§ WHAT YOU SHOULD DO: What is needed is an exact copy of the entries below, with the pictures left out.

§ LISTED ENTRIES:
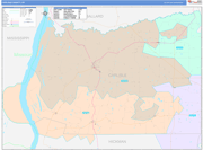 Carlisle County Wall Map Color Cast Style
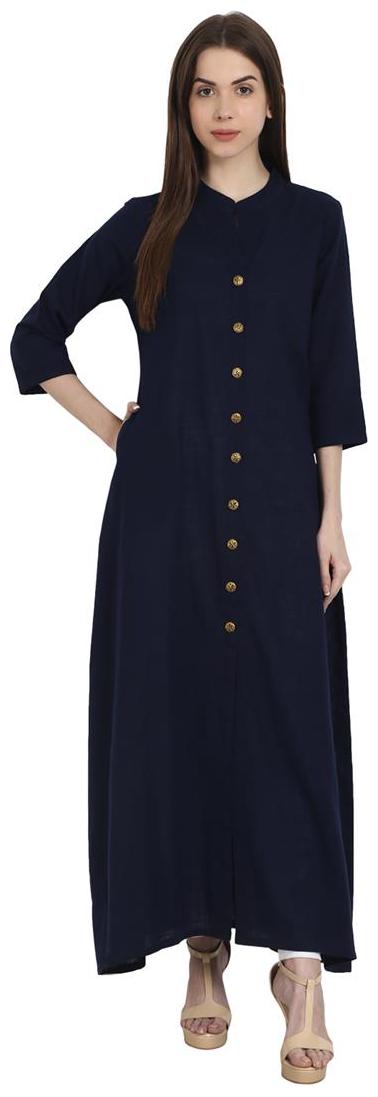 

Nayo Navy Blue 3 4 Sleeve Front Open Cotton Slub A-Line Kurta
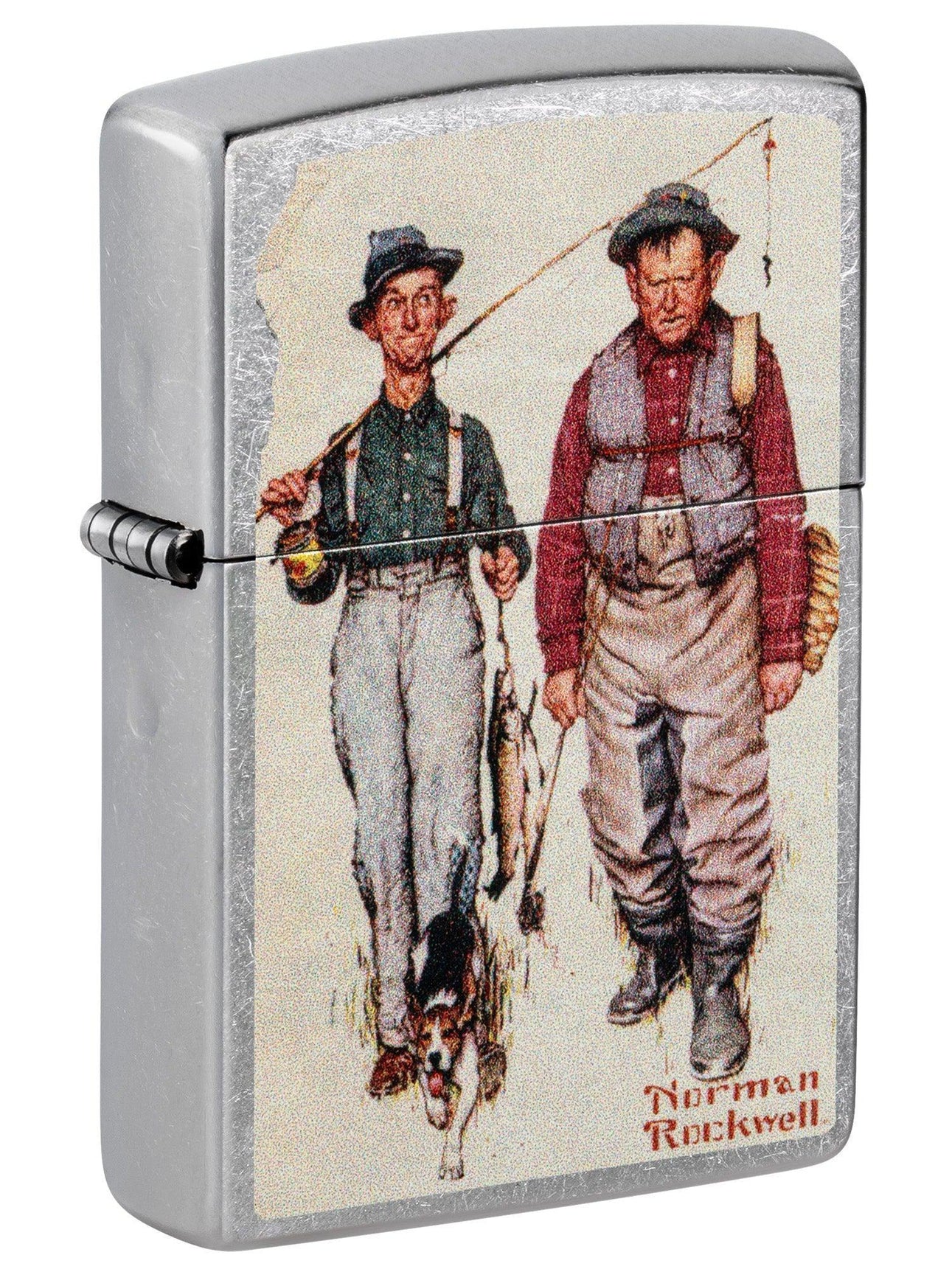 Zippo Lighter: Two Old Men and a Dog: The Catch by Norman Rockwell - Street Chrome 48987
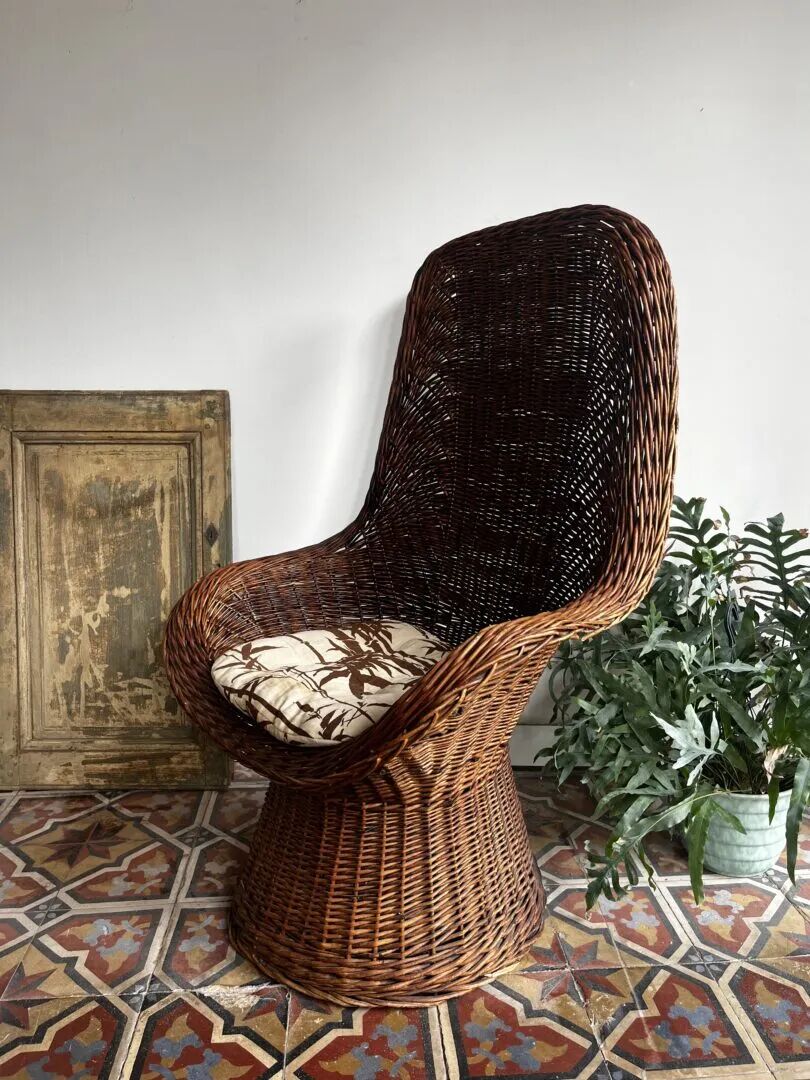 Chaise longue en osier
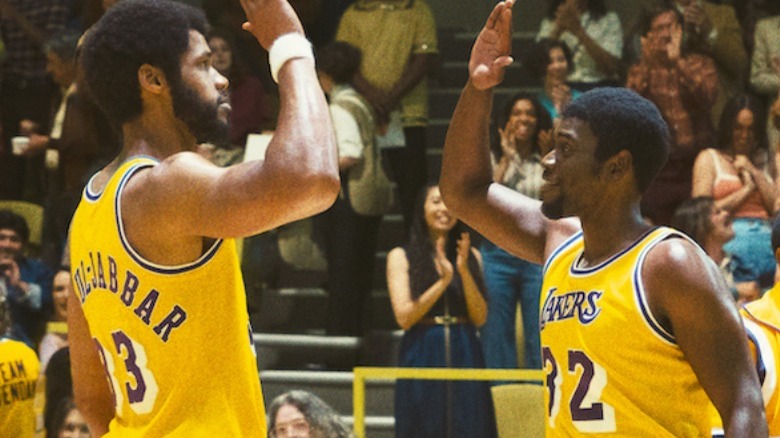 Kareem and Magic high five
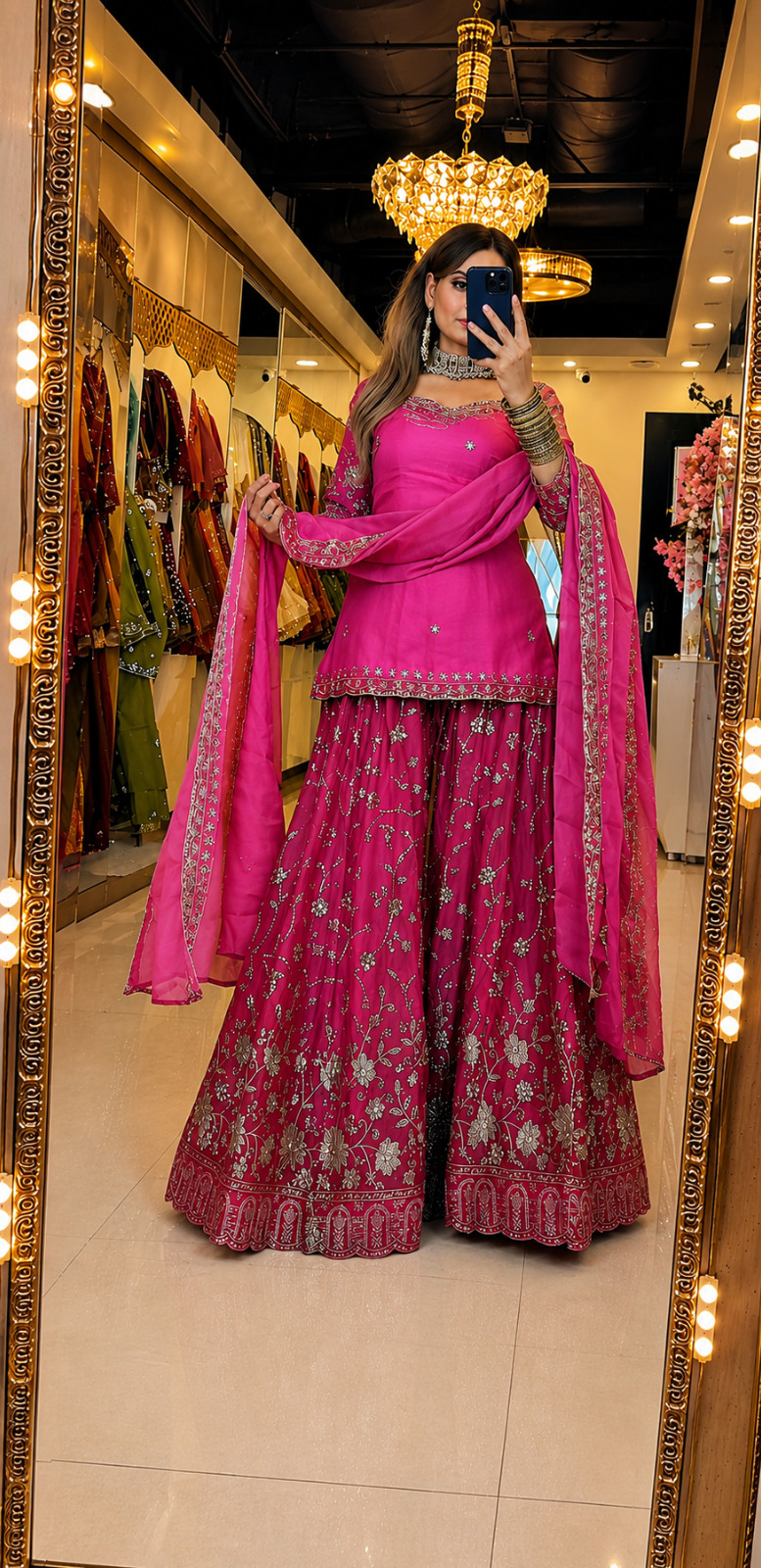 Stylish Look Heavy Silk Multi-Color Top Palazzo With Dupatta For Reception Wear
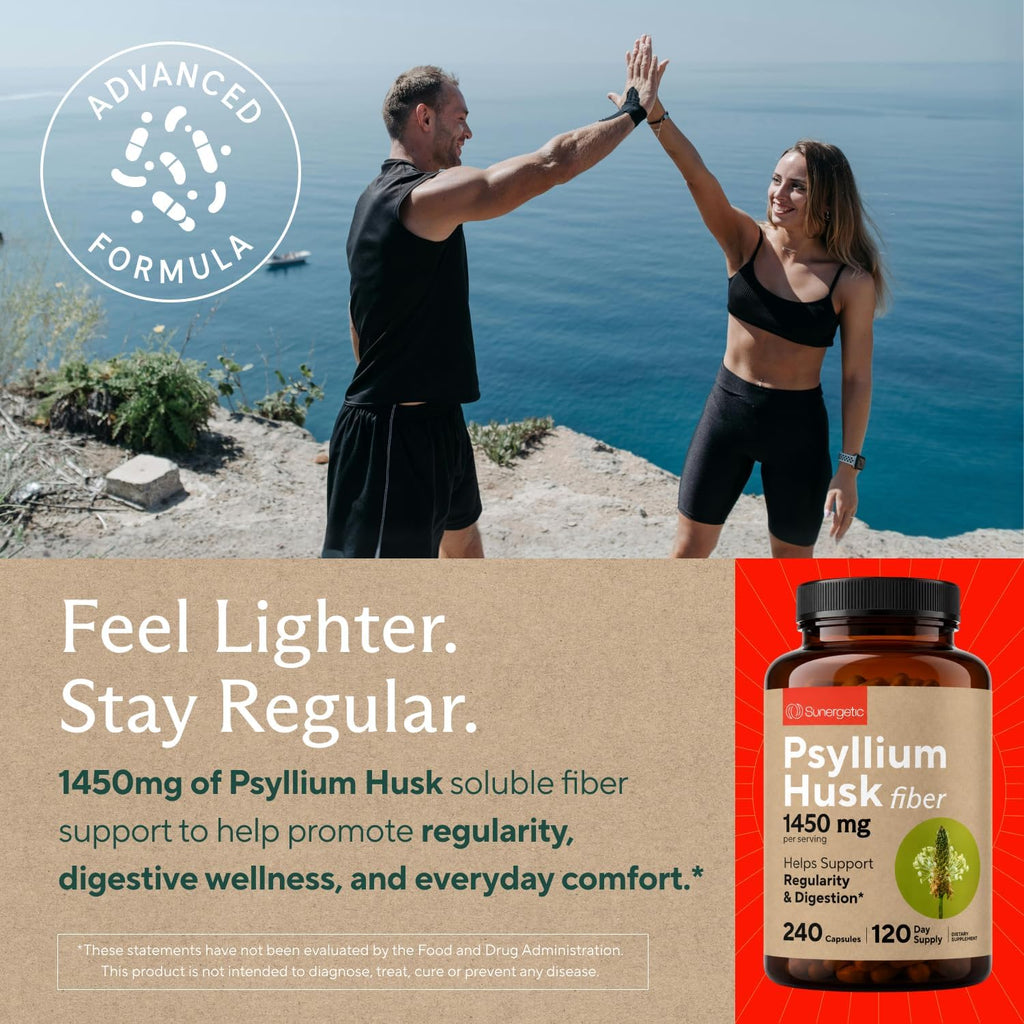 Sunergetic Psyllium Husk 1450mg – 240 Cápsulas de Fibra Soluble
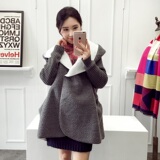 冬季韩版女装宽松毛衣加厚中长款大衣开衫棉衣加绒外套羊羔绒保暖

§ EXERCISE RESPONSE:
 Carlisle County Wall Map Color Cast Style

Nayo Navy Blue 3 4 Sleeve Front Open Cotton Slub A-Line Kurta
 Zippo Lighter: Two Old Men and a Dog: The Catch by Norman Rockwell - Street Chrome 48987
 Chaise longue en osier
 Kareem and Magic high five
 Stylish Look Heavy Silk Multi-Color Top Palazzo With Dupatta For Reception Wear
 Sunergetic Psyllium Husk 1450mg – 240 Cápsulas de Fibra Soluble
 冬季韩版女装宽松毛衣加厚中长款大衣开衫棉衣加绒外套羊羔绒保暖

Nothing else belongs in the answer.